I need to figure out how I can find all the index of a value in a 2d numpy array.
我需要弄清楚如何在2d numpy数组中找到值的所有索引。
For example, I have the following 2d array:
例如,我有以下2d数组:
([[1 1 0 0],
[0 0 1 1],
[0 0 0 0]])
I need to find the index of all the 1's and 0's.
我需要找到所有1和0的索引。
1: [(0, 0), (0, 1), (1, 2), (1, 3)]
0: [(0, 2), (0, 3), (1, 0), (1, 1), (the entire all row)]
I tried this but it doesn't give me all the indexes:
我试过这个,但它没有给我所有的索引:
t = [(index, row.index(1)) for index, row in enumerate(x) if 1 in row]
Basically, it gives me only one of the index in each row [(0, 0), (1, 2)].
基本上,它只给出了每行[(0,0),(1,2)]中的一个索引。
2 个解决方案
#1
18
You can use np.where to return a tuple of arrays of x and y indices where a given condition holds in an array.
您可以使用np.where返回一个x和y索引数组的元组,其中给定条件保存在数组中。
If a is the name of your array:
如果a是数组的名称:
>>> np.where(a == 1)
(array([0, 0, 1, 1]), array([0, 1, 2, 3]))

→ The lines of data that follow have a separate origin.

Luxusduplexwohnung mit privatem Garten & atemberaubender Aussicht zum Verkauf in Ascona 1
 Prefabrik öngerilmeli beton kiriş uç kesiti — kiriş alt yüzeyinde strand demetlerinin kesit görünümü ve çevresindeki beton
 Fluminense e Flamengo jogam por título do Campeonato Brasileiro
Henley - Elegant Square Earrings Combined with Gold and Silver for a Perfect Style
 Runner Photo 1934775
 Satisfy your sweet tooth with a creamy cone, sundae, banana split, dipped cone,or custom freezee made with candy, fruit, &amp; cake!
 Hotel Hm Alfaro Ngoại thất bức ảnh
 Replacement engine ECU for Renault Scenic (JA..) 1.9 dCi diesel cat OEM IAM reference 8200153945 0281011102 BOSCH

If you want a list of (x, y) pairs, you could zip the two arrays:
如果你想要一个(x,y)对的列表,你可以压缩两个数组:
>>> zip(*np.where(a == 1))
[(0, 0), (0, 1), (1, 2), (1, 3)]
Or, even better, @jme points out that np.asarray(x).T can be a more efficient way to generate the pairs.
或者,甚至更好,@ jme指出np.asarray(x).T可以是生成对的更有效方式。
#2
6
The problem with the list comprehension you provided is that it only goes one level deep, you need a nested list comprehension:
你提供的列表理解的问题是它只有一个深度,你需要一个嵌套的列表理解:
a = [[1,0,1],[0,0,1], [1,1,0]]
>>> [(ix,iy) for ix, row in enumerate(a) for iy, i in enumerate(row) if i == 0]
[(0, 1), (1, 0), (1, 1), (2, 2)]
That being said, if you are working with a numpy array, it's better to use the built in functions as suggested by ajcr.
话虽这么说,如果你正在使用numpy数组,最好使用ajcr建议的内置函数。
#1
18
You can use np.where to return a tuple of arrays of x and y indices where a given condition holds in an array.
您可以使用np.where返回一个x和y索引数组的元组,其中给定条件保存在数组中。
If a is the name of your array:
如果a是数组的名称:
>>> np.where(a == 1)
(array([0, 0, 1, 1]), array([0, 1, 2, 3]))
If you want a list of (x, y) pairs, you could zip the two arrays:
如果你想要一个(x,y)对的列表,你可以压缩两个数组:
>>> zip(*np.where(a == 1))
[(0, 0), (0, 1), (1, 2), (1, 3)]
Or, even better, @jme points out that np.asarray(x).T can be a more efficient way to generate the pairs.
或者,甚至更好,@ jme指出np.asarray(x).T可以是生成对的更有效方式。
#2
6
The problem with the list comprehension you provided is that it only goes one level deep, you need a nested list comprehension:
你提供的列表理解的问题是它只有一个深度,你需要一个嵌套的列表理解:
a = [[1,0,1],[0,0,1], [1,1,0]]
>>> [(ix,iy) for ix, row in enumerate(a) for iy, i in enumerate(row) if i == 0]
[(0, 1), (1, 0), (1, 1), (2, 2)]
That being said, if you are working with a numpy array, it's better to use the built in functions as suggested by ajcr.
话虽这么说,如果你正在使用numpy数组,最好使用ajcr建议的内置函数。